Gradually my fellow roommates trickled in and by the end of the day I had a greater problem in hand than the great mathematician, Aryabhatta. I was outnumbered and by a huge deal, seven boys to one girl was not a ratio anyone would expect. Thus began my adventure.

My first day at Limerick and my first attempt at independent living, started out with pouring rain. Yet when we all sat at the common room stuffing our faces with pizzas, this beautiful sense of acceptance washed over me. I had a home away from home, and nobody could take that away from me. I had arrived.

My Erasmus experience in Belgium

By Roisin O’Donoghue, BA New Media & English, University of Limerick

This time last year I was on my Erasmus in city of Ghent, Belgium. I lived and studied there from the 20th September to 23rd of December. Much like my Co-op it was an experience that I will never forget. The upsides were getting to travel to other cities and neighbouring countries. Then the downsides were living with others and studying. So much studying.

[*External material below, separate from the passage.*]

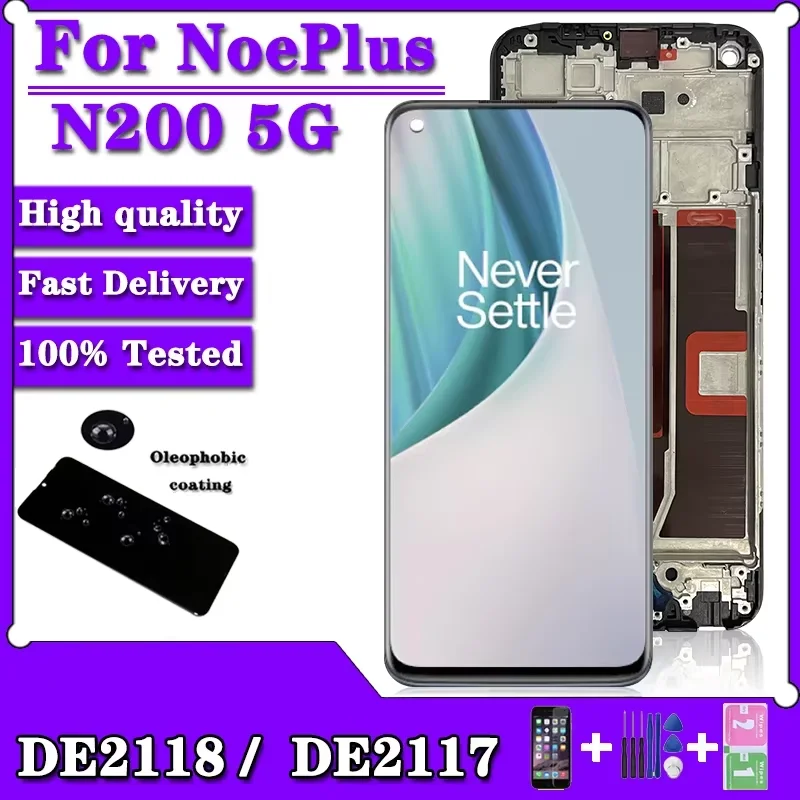 

Качество Pop AAA для OnePlus Nord N200 5G DDE2118, DE2117, ЖК-дисплей, сенсорная панель, дигитайзер экрана в сборе, замена, ремонт Pa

Belgium was not my first choice for Erasmus nor was it my second or even my third. However, it was pretty much my only choice because the other destinations I had in mind were taken up so Belgium was kind of a last resort. Three of my friends from my course were also going so at least I wasn’t alone. It was still a year away at this point so I didn’t really think that much about. At the same time, I was preparing for my Co-op in France in the same year. Yet as the summer of 2016 dragged on and I was trying to organise the necessary documents and choose my modules for the university I began to feel the excitement. I didn’t feel nervous or stressed unlike how I felt about Co-op because I had experience of living away from home now and I wasn’t going to be on my own. I felt that it would be the amazing, must-have experience that others made it out to be.

We travelled from Dublin airport to Brussels airport on the 20th September. When we got there, we were a bit confused as to what trains to get to Ghent and ended up missing the first one. When we finally caught the next one we had the immense task of hauling our luggage onto the train which took some serious teamwork. When we arrived in the city of Ghent we then had to find our way to where we were going to be staying for the next few months which took up more time and by the end we were all exhausted. Once I got to my room all I wanted to do was collapse onto the absurdly squeaky bed and sleep for a week. I couldn’t though as we had to get food and explore the city a bit.

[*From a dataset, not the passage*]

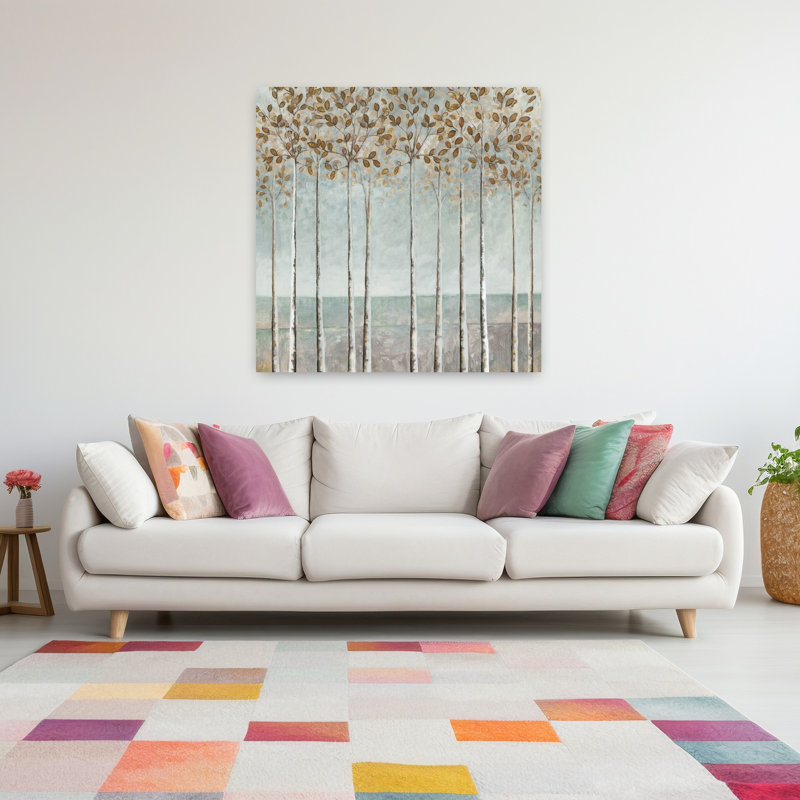 Entre les lignes de l'arbre, paysage de bouleau contemporain contemporain, art, H 48 po x l 48 po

I loved Ghent, it’s so beautiful with the castle, church and river running through it. Plus, the shopping was great too! Our student accommodation was near the city centre so we could walk in and out as we pleased. The accommodation itself was fairly basic but I still loved my room it was like a small apartment. The modules we studied were Masters Classes and they were tough but we got through the exams (5 of them, most I’ve had since Leaving Cert) and I was so relieved once they were done. They stressed me out but I felt a great sense of achievement for doing them.

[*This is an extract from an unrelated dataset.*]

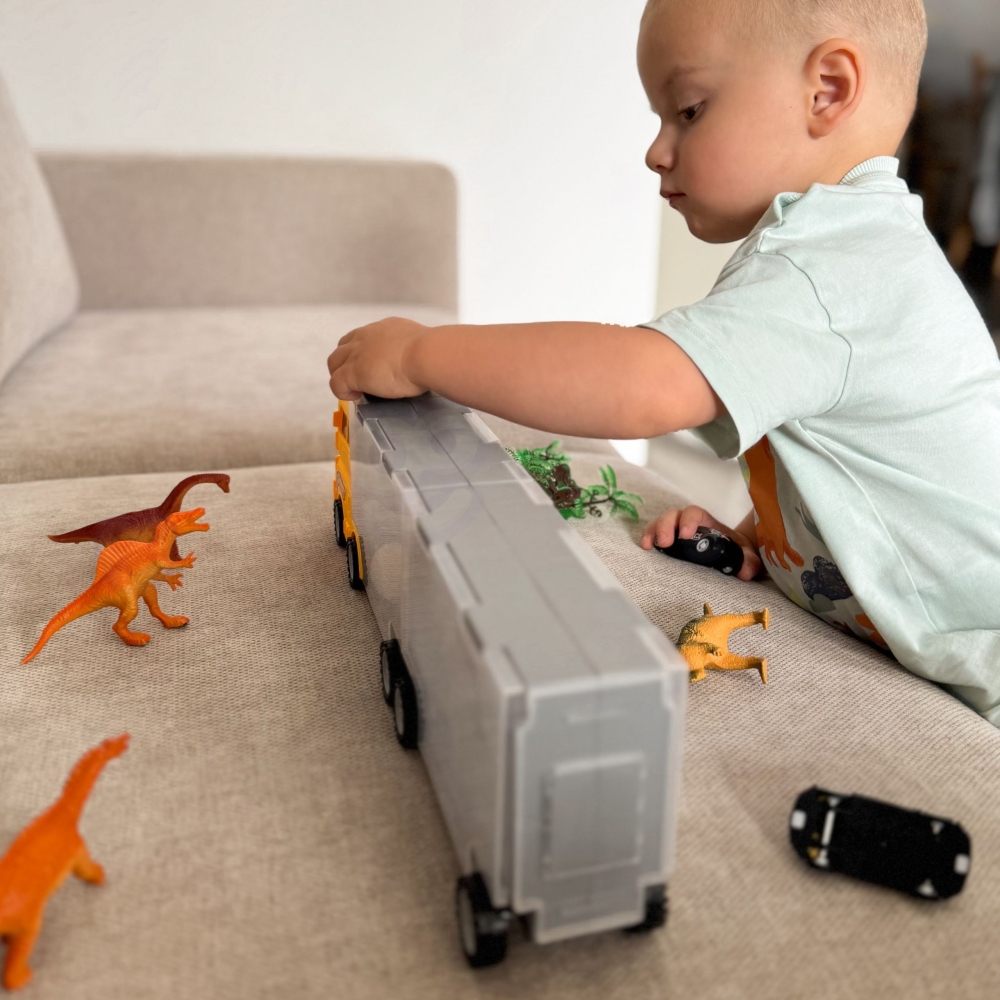 Transporterio sunkvežimis WOOPIE 2in1 dinozaurų rinkinys + maketas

The best thing about Erasmus for me though was getting the opportunity to travel. When I was there I visited Antwerp, Leuven, Bruges, Luxembourg and France. These are all wonderful places to visit and I would highly recommend them. One of the biggest downsides was living with others. I lived with other people when I was in France but I didn’t spend every day with them. My friends and I spent a lot of our time with each other as we lived on the same floor in the same building and had all the same classes together. There were times when we got kind of tired of each other but we came out of it still as good friends. So overall it was an incredible experience and I’m glad I did it although I do wish I prepared myself a little better I wouldn’t change it.